Distributive Network Utility Maximization (NUM) over Time-Varying Fading Channels

TL;DR

This paper analyzes the convergence and tracking errors of a distributed primal-dual gradient algorithm for network utility maximization over time-varying fading channels, proposing an adaptive solution with improved performance.

Contribution

It investigates the behavior of the primal-dual scaled gradient algorithm under dynamic channels and proposes a low complexity adaptive scaling matrix method.

Findings

Converges to a limit region under Markov fading channels.

Tracking errors grow proportionally to T/N, with T as update interval and N as sojourn time.

Proposed adaptive algorithm outperforms baseline schemes.

Abstract

Distributed network utility maximization (NUM) has received an increasing intensity of interest over the past few years.
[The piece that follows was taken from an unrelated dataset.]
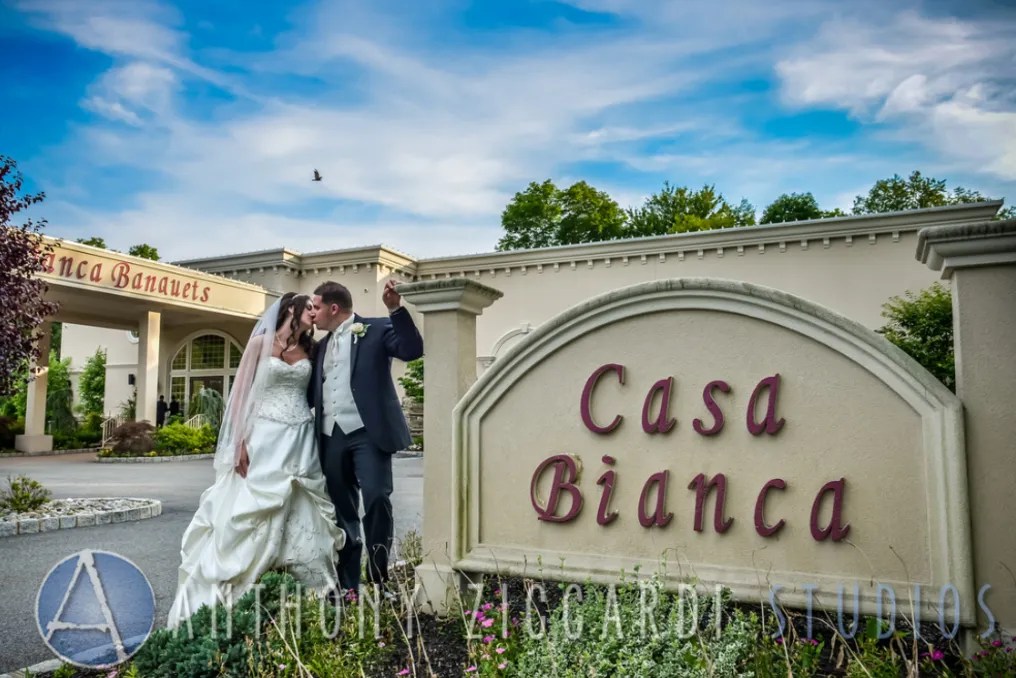 Casa Bianca Banquets #26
Distributed solutions (e.g., the primal-dual gradient method) have been intensively investigated under fading channels. As such distributed solutions involve iterative updating and explicit message passing, it is unrealistic to assume that the wireless channel remains unchanged during the iterations. Unfortunately, the behavior of those distributed solutions under time-varying channels is in general unknown. In this paper, we shall investigate the convergence behavior and tracking errors of the iterative primal-dual scaled gradient algorithm (PDSGA) with dynamic scaling matrices (DSC) for solving distributive NUM problems under time-varying fading channels. We shall also study a specific application example, namely the multi-commodity flow control and multi-carrier power allocation problem in multi-hop ad hoc networks. Our analysis shows that the PDSGA converges to a limit region rather than a single point under the finite state Markov chain (FSMC) fading channels. We also show that the order of growth of the tracking errors is given by O(T/N), where T and N are the update interval and the average sojourn time of the FSMC, respectively. Based on this analysis, we derive a low complexity distributive adaptation algorithm for determining the adaptive scaling matrices, which can be implemented distributively at each transmitter. The numerical results show the superior performance of the proposed dynamic scaling matrix algorithm over several baseline schemes, such as the regular primal-dual gradient algorithm.